> [Caption-style text data]:

= = =

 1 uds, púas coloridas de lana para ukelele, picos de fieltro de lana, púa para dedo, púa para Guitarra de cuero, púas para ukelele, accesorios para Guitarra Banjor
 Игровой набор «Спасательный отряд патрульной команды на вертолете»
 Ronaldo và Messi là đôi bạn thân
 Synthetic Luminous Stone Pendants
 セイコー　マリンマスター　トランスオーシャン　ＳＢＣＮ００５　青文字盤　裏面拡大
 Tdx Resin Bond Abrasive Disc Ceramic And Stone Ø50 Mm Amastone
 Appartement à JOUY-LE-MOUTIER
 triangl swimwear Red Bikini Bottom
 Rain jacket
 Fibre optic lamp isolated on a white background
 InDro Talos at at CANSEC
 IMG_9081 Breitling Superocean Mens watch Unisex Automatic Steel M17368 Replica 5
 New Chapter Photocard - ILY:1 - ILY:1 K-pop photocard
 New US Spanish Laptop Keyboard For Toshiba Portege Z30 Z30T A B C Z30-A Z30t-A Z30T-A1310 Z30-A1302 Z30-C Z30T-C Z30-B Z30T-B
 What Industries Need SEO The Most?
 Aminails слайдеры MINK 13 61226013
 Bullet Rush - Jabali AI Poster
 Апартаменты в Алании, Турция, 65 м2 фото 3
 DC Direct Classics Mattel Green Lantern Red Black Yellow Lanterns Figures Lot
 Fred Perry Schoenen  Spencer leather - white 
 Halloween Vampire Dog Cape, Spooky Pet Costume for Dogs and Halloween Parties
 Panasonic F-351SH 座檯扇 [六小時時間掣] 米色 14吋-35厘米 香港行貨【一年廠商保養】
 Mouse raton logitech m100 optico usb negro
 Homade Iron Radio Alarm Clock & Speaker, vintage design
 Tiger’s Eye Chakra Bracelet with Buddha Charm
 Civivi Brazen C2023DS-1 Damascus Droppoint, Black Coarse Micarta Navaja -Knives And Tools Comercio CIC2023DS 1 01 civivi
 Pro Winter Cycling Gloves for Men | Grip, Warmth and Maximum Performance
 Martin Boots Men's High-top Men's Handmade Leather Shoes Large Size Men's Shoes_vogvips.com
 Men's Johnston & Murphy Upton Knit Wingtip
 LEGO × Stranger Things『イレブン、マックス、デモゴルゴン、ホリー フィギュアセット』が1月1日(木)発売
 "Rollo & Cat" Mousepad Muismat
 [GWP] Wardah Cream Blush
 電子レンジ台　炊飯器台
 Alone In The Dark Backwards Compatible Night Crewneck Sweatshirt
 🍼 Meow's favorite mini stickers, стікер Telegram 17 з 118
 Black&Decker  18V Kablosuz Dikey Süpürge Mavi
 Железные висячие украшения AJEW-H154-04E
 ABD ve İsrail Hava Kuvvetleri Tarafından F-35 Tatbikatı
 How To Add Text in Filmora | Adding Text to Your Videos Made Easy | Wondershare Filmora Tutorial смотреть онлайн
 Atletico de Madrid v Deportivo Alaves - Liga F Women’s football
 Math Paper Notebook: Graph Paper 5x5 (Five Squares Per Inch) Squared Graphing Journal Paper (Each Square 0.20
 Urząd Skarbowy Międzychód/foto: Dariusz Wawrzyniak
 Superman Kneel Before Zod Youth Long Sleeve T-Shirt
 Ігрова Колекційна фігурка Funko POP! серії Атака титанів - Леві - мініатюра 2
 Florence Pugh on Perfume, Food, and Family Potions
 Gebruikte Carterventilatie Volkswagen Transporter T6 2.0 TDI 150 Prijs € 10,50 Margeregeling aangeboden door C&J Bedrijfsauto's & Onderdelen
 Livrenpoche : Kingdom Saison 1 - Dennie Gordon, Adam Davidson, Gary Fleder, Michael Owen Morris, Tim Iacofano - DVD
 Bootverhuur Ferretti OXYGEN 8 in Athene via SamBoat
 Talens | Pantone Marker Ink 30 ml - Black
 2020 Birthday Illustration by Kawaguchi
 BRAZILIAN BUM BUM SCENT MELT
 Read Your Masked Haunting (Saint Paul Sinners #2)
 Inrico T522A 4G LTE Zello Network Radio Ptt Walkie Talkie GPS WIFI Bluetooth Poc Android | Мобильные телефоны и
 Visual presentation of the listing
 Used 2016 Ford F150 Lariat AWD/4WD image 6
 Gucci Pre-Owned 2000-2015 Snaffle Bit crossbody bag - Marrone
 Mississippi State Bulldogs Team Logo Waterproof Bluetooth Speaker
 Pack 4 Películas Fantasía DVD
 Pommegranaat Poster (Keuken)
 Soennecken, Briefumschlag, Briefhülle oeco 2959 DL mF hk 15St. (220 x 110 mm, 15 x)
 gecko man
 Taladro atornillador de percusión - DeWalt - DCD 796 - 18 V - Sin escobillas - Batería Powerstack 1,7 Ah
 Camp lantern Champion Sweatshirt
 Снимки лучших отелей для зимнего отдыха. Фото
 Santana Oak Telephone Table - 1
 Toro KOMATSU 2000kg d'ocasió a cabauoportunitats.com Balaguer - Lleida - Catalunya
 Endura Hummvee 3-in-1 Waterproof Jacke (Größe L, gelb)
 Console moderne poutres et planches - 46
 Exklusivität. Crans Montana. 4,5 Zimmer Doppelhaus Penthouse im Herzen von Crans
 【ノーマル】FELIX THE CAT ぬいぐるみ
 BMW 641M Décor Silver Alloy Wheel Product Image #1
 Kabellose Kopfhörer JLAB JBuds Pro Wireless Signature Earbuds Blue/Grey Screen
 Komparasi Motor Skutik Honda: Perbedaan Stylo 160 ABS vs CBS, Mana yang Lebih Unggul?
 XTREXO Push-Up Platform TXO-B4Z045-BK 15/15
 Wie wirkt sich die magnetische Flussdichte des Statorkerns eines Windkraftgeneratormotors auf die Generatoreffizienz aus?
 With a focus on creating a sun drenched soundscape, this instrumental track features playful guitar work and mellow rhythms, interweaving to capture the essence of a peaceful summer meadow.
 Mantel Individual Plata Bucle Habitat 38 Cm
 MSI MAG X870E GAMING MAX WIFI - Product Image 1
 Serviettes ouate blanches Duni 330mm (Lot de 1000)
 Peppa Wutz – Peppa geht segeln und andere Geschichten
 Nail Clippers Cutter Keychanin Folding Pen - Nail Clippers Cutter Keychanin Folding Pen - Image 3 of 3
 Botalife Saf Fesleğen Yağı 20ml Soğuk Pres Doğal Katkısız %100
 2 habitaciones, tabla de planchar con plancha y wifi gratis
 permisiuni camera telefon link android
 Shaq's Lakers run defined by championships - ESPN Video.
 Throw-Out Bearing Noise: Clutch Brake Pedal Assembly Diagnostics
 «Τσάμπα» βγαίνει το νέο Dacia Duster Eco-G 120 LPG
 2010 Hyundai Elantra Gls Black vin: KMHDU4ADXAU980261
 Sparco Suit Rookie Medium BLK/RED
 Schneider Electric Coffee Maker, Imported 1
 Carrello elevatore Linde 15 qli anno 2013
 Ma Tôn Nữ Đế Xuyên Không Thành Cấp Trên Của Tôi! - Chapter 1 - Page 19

= = =

> [What the exercise asks]:
Write out exactly, and only, each line from the one with "2010 Hyundai Elantra" down to the last line of the records above.

> [Answer below]:
 2010 Hyundai Elantra Gls Black vin: KMHDU4ADXAU980261
 Sparco Suit Rookie Medium BLK/RED
 Schneider Electric Coffee Maker, Imported 1
 Carrello elevatore Linde 15 qli anno 2013
 Ma Tôn Nữ Đế Xuyên Không Thành Cấp Trên Của Tôi! - Chapter 1 - Page 19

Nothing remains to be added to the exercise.